#### Provided information:
++++++
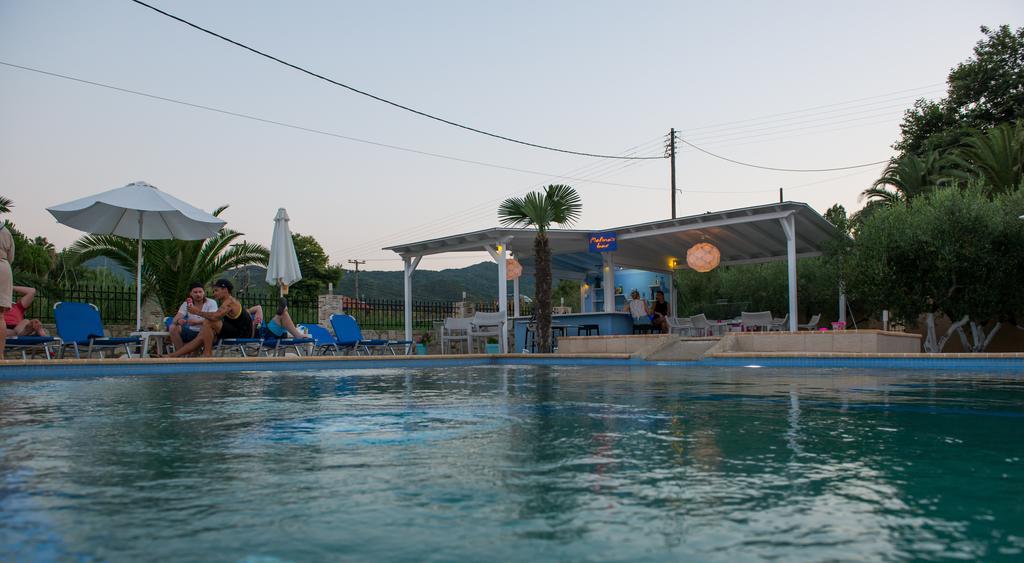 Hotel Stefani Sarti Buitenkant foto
++++++
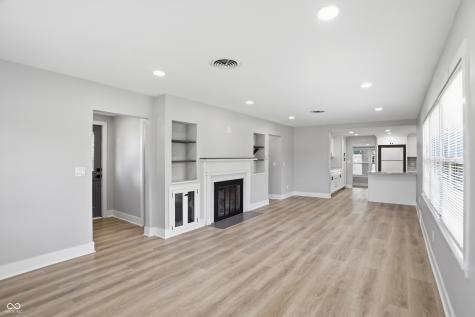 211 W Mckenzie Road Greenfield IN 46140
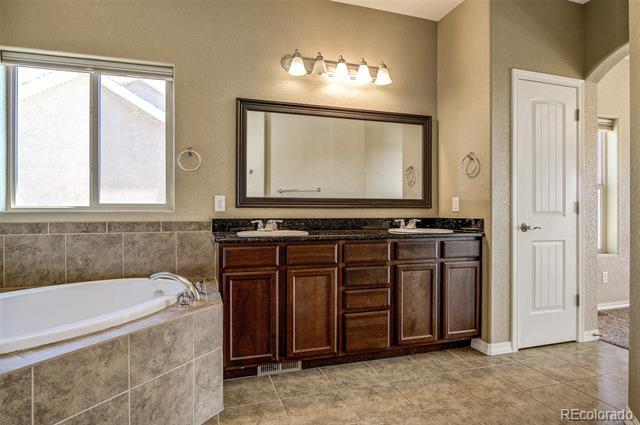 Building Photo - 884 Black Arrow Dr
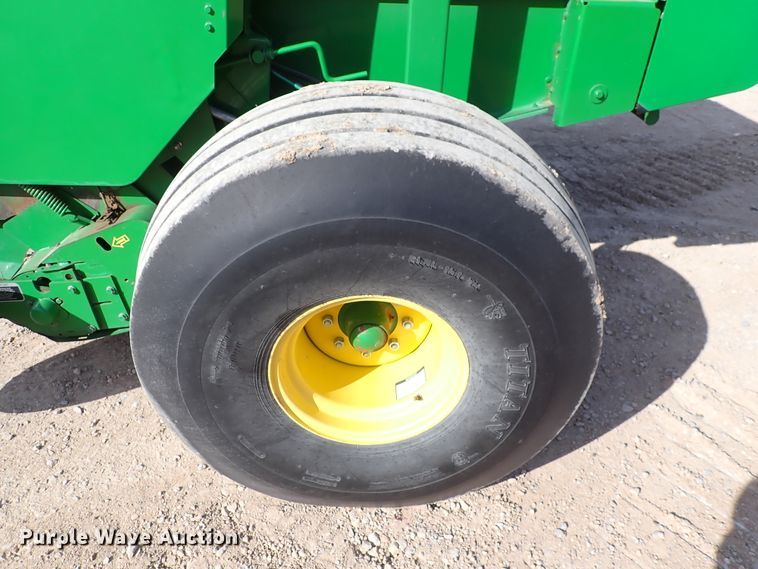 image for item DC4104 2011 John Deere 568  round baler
++++++
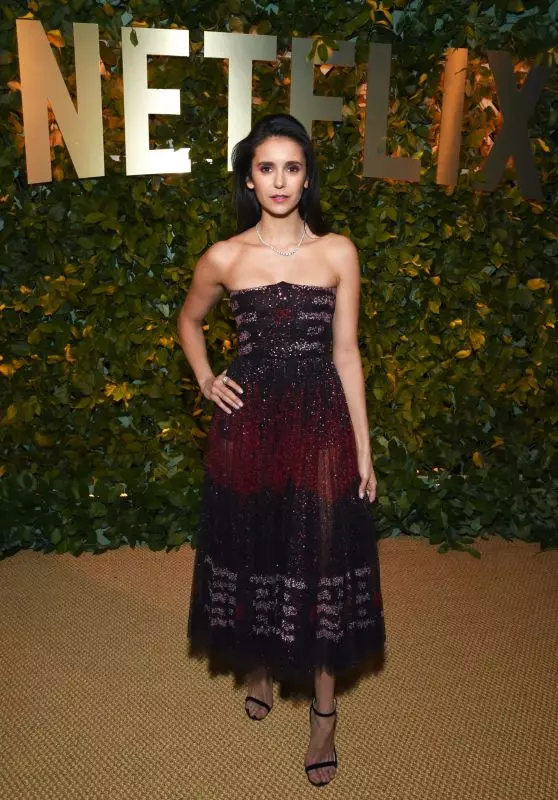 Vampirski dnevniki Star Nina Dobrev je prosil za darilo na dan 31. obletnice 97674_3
++++++
#### Exercise details:
Using the data above, which lines fall from the one with "211 W Mckenzie Road Greenfield IN 46140" through the one with "image for item"? Repeat them exactly, ends included, minus any pictures.

#### Task response:
 211 W Mckenzie Road Greenfield IN 46140
 Building Photo - 884 Black Arrow Dr
 image for item DC4104 2011 John Deere 568  round baler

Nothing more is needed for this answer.